Monday, July 20, 2015

Gone Girl - Gillian Flynn


This was one mind-fuck of a book. I have no other term to describe it better.

On a side note, it feels good to have picked up, at long last, a book that shouldn’t take more than two days of reading time (which sounds like a lot to ask for when compared to the last one I unfortunately picked: King’s Cell which is-I am restraining myself here- excruciatingly longwinded and purposeless).

Been a while since I read this light. Phew!

But that’s not exactly a merit in itself, is it? I mean, why do you reckon I don’t normally go for light reads? Because more often than not, they are written by light headed writers whose capacity for depth and detailing is as rich as the average Bombay street-urchin.

The exact merit that I would want to talk about here- apart from the fact that this is one mind-fuck of a book- is this:

To the authoress’ credit, I can’t seem to think of any aspect, literary and otherwise, that has been sacrificed by her to present her book as fast paced.

The character depth and scene buildup is almost exquisite. The detailing is perfectly generous without making the prose lose its purpose at any place or become flowery (believe you me, ‘flowery’ is definitely not a word I would use to describe anything even remotely related to Gone Girl) and the amount and the standard of wit in the writing was stand-out enough to question my belief that nobody can beat Irish authors in black humour.  

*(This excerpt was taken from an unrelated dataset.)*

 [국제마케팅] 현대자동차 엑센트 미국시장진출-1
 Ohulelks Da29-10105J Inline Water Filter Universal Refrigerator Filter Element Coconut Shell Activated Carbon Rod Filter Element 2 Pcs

And, this is a four hundred and fifty paged, no double spacing, no generous margins and regular font book we’re discussing here. That’s a lot of space for a lot of things to get out of hand and turn the whole manuscript jarringly messy.

So, I for one simply cannot imagine the kind of intelligence and brutal perception of people and situations that a person would require to come up with shit this fucked up.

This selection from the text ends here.